The online furniture retailer

When you buy furniture, or anything online, it’s reasonable to expect a smooth experience, and if things go wrong that the online retailer makes every effort to make it right. When it comes to buying a piece of furniture, the least you should expect is that the retailer gets it in the house for you.

I ordered a console, which arrived by FedEx instead of a proper freight delivery. The delivery person dropped the 145-pound box in my driveway. Contrast that with a local furniture store, where we bought a couch: For a modest $20 delivery fee, they brought it into my house and futzed with it for over an hour to get it into the room.

When I called the online retailer’s customer service because a piece of the unit broke (probably due to being dropped from the truck), I was first asked to call the manufacturer myself to order the part. When I complained that it was his job to do that, he finally relented. I was told it would take a week.
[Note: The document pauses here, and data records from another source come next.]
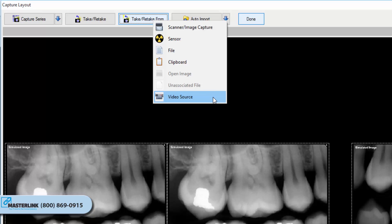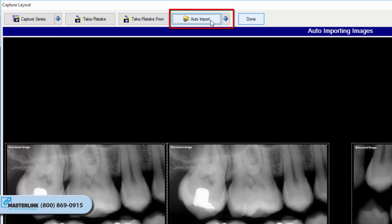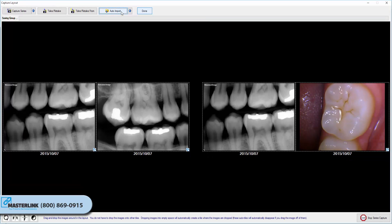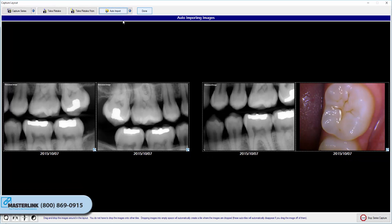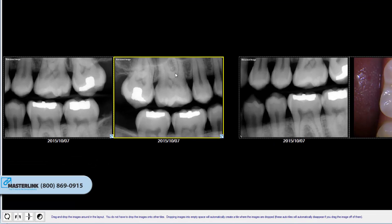And Video Source: the software will prepare capture from the direct video extension and any attached intraoral camera. The Auto Import button automatically imports images from a Windows folder location and places them into the layout tiles. Warning: if the Auto Import button is used within the layout capture screen, the images will automatically be deleted from their original file location.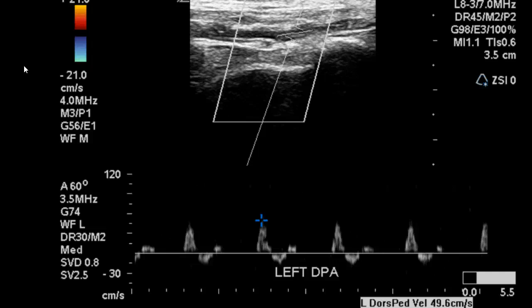And then to the foot, we can see clearly that we have triphasic waveforms all the way to the ankle. So that being said, what would you give as your final impression? We could simply say that bilaterally this is a normal lower extremity arterial duplex with normal hemodynamic findings.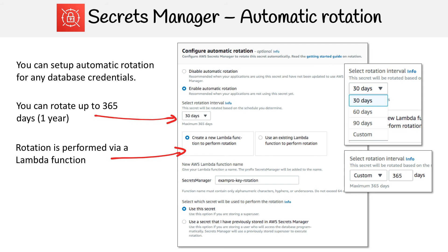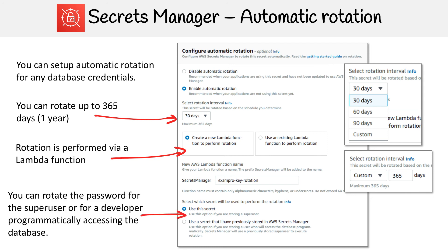There's one option down below here that allows you to select which password you're going to rotate out. Because you might not want to rotate out this password — you might want to rotate out a developer's password that's connected to the database. So that's another option available to you.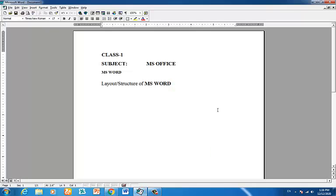Bismillah ar-Rahman ar-Rahim. Assalamu alaikum. The subject is MS Office, and this is Class 1.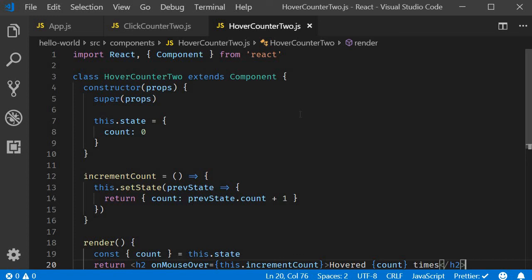There is also another approach well suited for sharing functionality between React components, and that is the render props pattern. What is the render props pattern and how do we implement it? Let's take a look at that in the next video.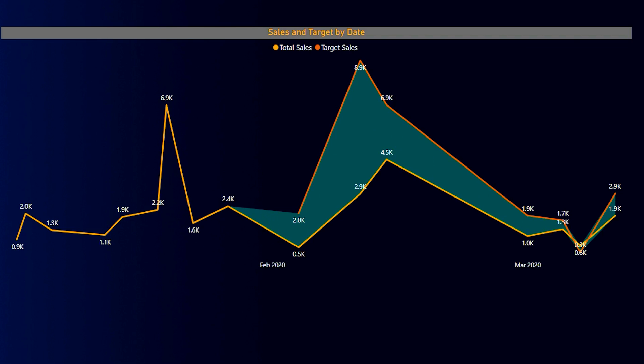Hello everyone and welcome back to my channel MITutorials. So I recently came across a request where a user wanted to create a chart something similar to this. So basically I have two measures on my line chart.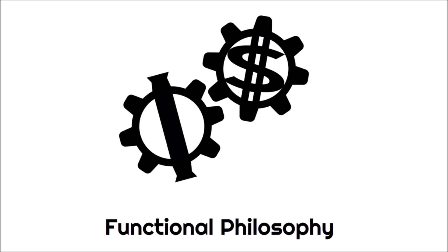Welcome to Functional Philosophy, the show in which I, Charles II, explain and apply Ayn Rand's philosophy, Objectivism.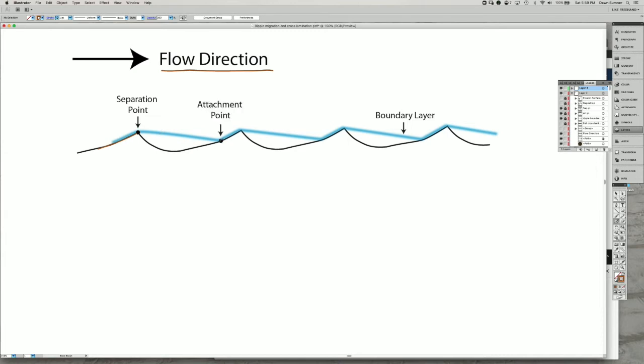We have an attachment point at every place where the boundary layer merges with the bed. So there's another line here and another line here.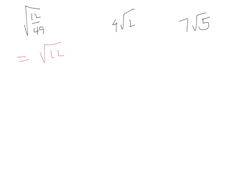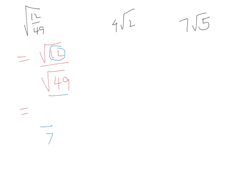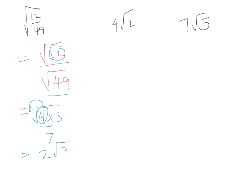Over here, we can rewrite this as the square root of 12 over the square root of 49. Square root of 49 is 7. Now for this 12, we're looking at factors of 12, one of which is a perfect square - that's 4 times 3. Four is the perfect square, so we can take the square root and bring it to the front. Square root of 4 is 2, so we've got 2√3 over 7.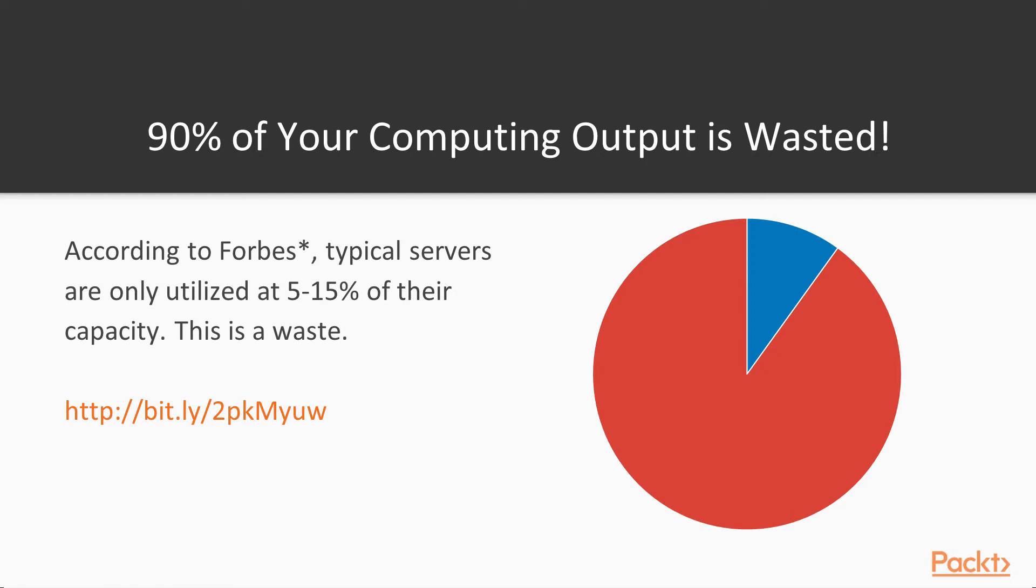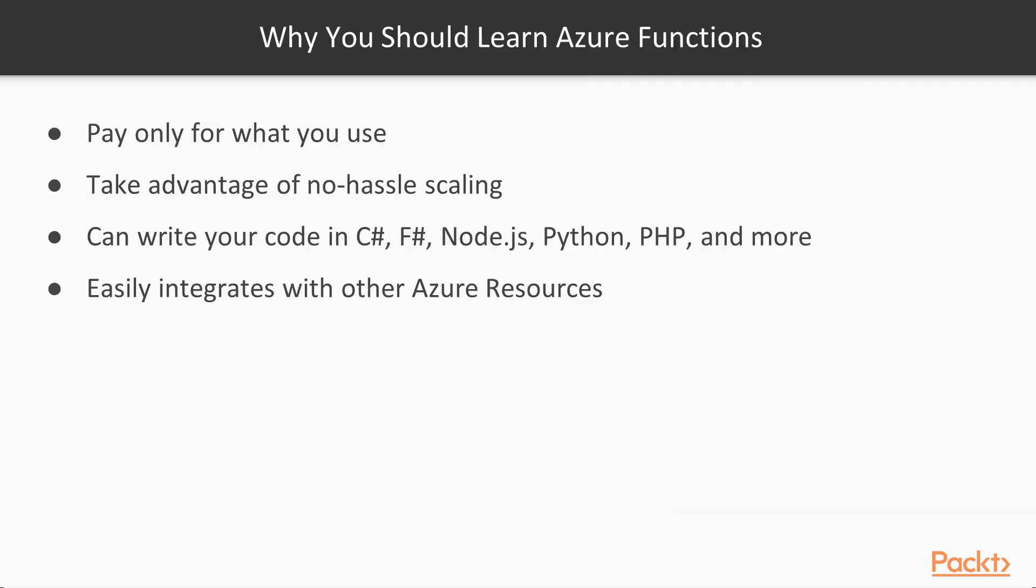Did you know 90% of your computing output is wasted, typically? According to Forbes, typical servers sitting in a data center are only utilizing 5-15% of their computing capacity. That's a waste and you're paying for it. And this is why serverless architecture is becoming so popular among architects.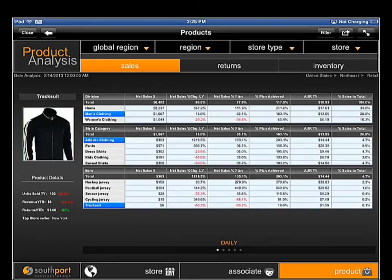This demonstration was intended to provide you with a sense of how Southport Services Group is helping build customized store operations dashboards using MicroStrategy Mobile for retailers. Thank you.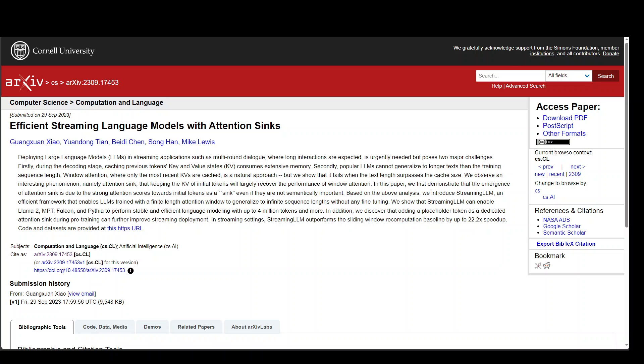In this video, I am going to introduce you to Streaming LLM. Streaming LLM is a new technique that enables you to allow large language models to handle infinite text input without a loss in accuracy.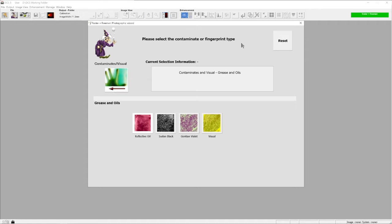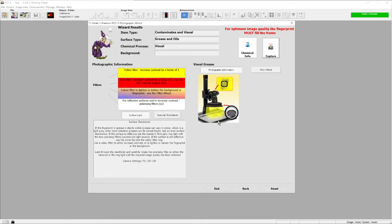This could be treated with something. We may use a treatment like either Sudan black or gentian violet. But if a treatment hasn't been used yet and the mark still needs to be visualized, it would be classed as a visual mark - a visible finger mark that needs to be photographed.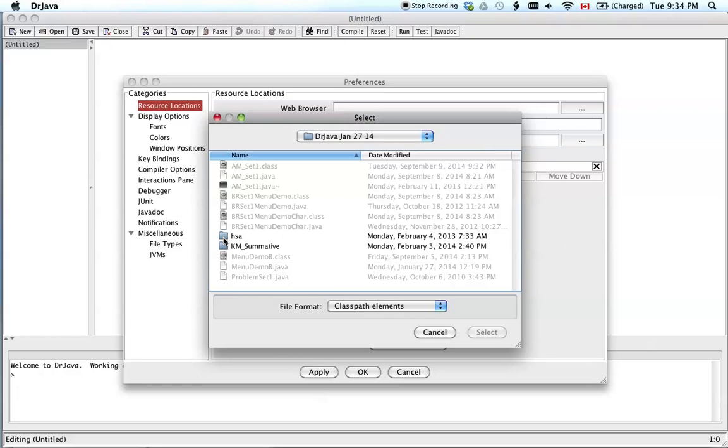You could put it anywhere on your computer. I chose to put it in my Dr. Java folder because I thought it would be neat. I imagine it can work anywhere. You can check that and get back to me if you like.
When I called back because the piece hadn’t arrived, the customer service person was ready to tell me anything I wanted to hear but in a way that felt like lying instead of accommodation. I eventually learned they would never send the part. The bottom line is I will never buy furniture from this company again, and I will always go local, where I know my furniture is going to be delivered to me. When it comes to customer service, all online retailers have a special obligation to be accommodating because they can’t offer that same level of personalized service.

The sports league

The last example involves ordering a jersey. For starters, the league hasn’t been able to keep popular shirts in stock for months. I get that there have been supply chain issues, but this is a shirt. There aren’t any precious metals in it. I finally found a special edition shirt for a popular player I wanted to give for a holiday gift that came with the caveat that it wouldn’t be shipped until January 4.
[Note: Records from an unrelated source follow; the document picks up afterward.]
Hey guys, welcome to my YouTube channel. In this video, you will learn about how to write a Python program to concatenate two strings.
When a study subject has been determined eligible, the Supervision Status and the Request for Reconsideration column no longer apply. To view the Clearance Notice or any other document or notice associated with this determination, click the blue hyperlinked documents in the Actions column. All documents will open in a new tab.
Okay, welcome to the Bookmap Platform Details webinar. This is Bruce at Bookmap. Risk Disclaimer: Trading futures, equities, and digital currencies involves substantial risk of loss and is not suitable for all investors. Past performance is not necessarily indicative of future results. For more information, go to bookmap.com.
I accepted that and ordered the shirt, only to find that it shipped right away in mid-December. That was all well and good, except that the recipient lives in a New York City apartment building where packages have a habit of disappearing from the lobby, and he wasn’t going to be there during the holiday. I tried to reroute the package, something I really should have been able to request online without a call.

I was told that the customer service agent was submitting a “help ticket” to send the package to me instead. I called a second time to see if it got rerouted (it didn’t) and was told if I had wanted to change the address, I should have done it within an hour of ordering it. So now it was my fault. Great experience.

Nobody wins

The trouble with these examples was that nobody won. I was unhappy, the customer service agent had to deal with my anger and frustration, and everyone ended up being stressed. That’s on the company, which set us up for a bad situation.
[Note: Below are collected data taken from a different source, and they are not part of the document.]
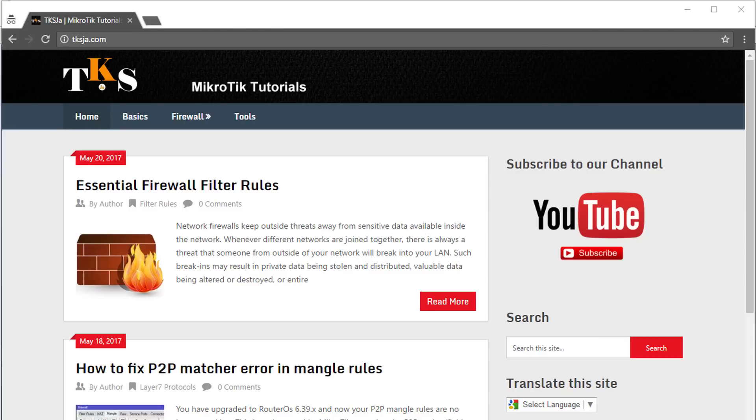Hi guys, welcome back to another tutorial. Today we'll be looking at firewall filter rules.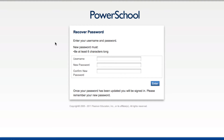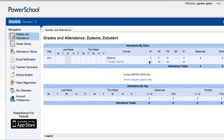Once you've clicked on the link in your email, you'll be taken to this password recovery page where you can enter your username, a new password, and then confirm the new password and click Enter. By doing so, you'll regain access to the PowerSchool Parent Portal.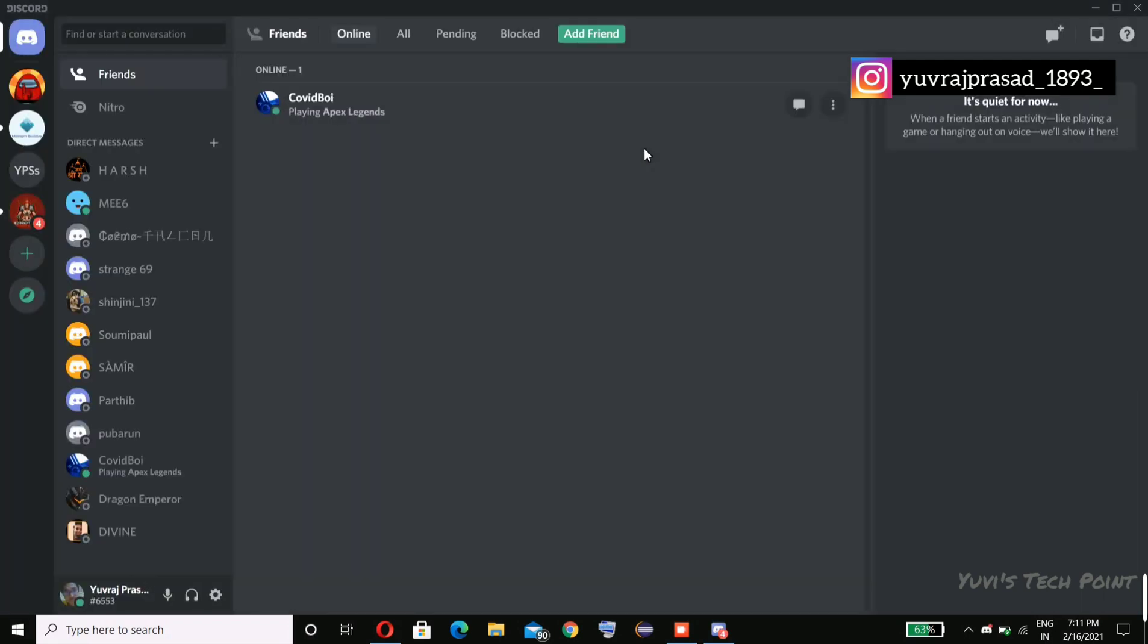And you can see my Discord has downloaded. So thanks for watching the video, have a nice day, bye bye.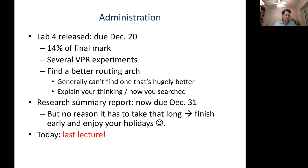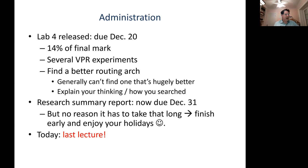You're asked to find a better routing architecture where you can change basically anything you want. Generally you can't find one that's hugely better — unlike assignments two and three where you could do much better than your baseline. Some of the architectures in the first part of this lab are pretty reasonable, so you're not going to find something vastly better, but you can usually find things that are a bit better. Don't think you've failed if you can't find something vastly better. In addition to describing a better architecture, explain your thinking and how you searched — did you write a script that tried all sorts of things, or did you think about it and come up with a logical explanation?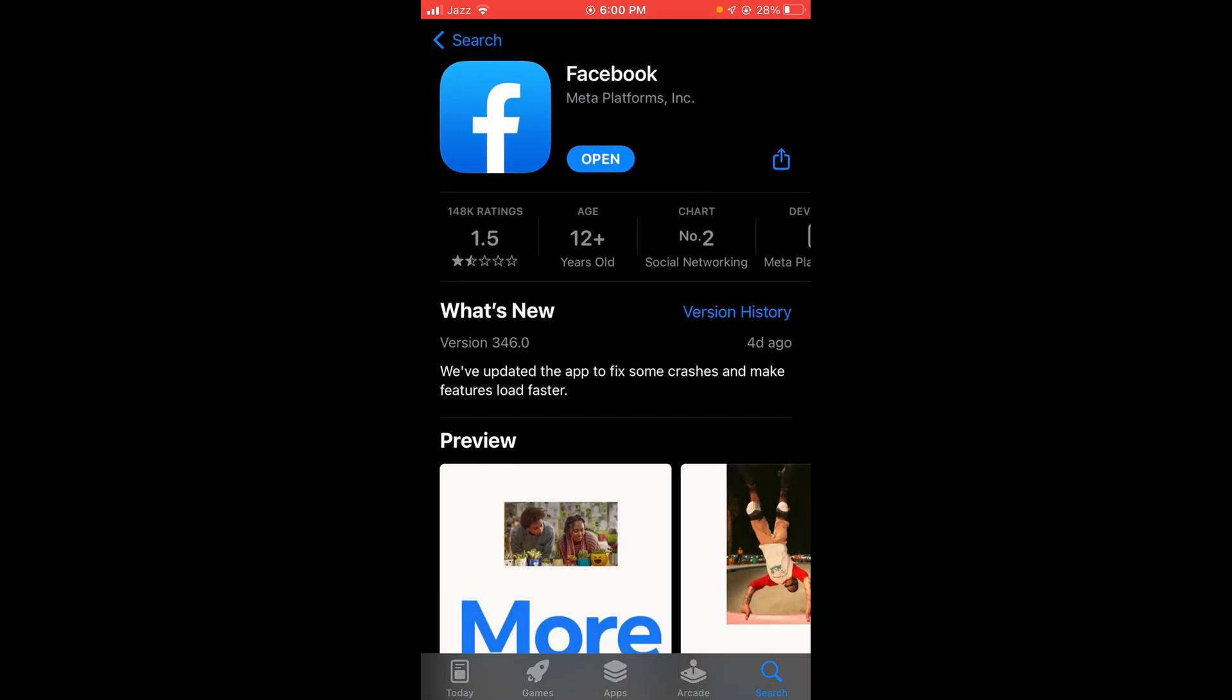Here you can see the blue button says open. So in my case, my Facebook account has already been updated. If your account is not updated, you can see the button of update instead of open.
There will always be times when things go wrong, but that’s when brands have to step up. They need to have enough competent and trained people on staff, not people who will say anything to get you off the line. There clearly weren’t enough competent people around in 2022. And don’t think there’s a tech solution here, because nobody wants to deal with a bot. That’s even worse unless it’s a narrow use case, which customers should be able to deal with themselves online. (They would if they could — who wants to deal with customer service?)

And being asked for feedback after running through the customer service gauntlet only adds to the exasperation. If companies thought they could improve customer satisfaction with more technology or by constantly asking the customer how they did, they couldn’t have been more wrong.

Good customer service takes people — all the tech in the world isn’t going to save you when there’s an angry customer on the line or your staffers call the police on your own customers. Tech has improved our lives in countless ways, but it’s done nothing to improve the field of customer service. In fact, I’d argue it’s made it markedly worse.

Rest in peace, customer experience. It was a nice idea.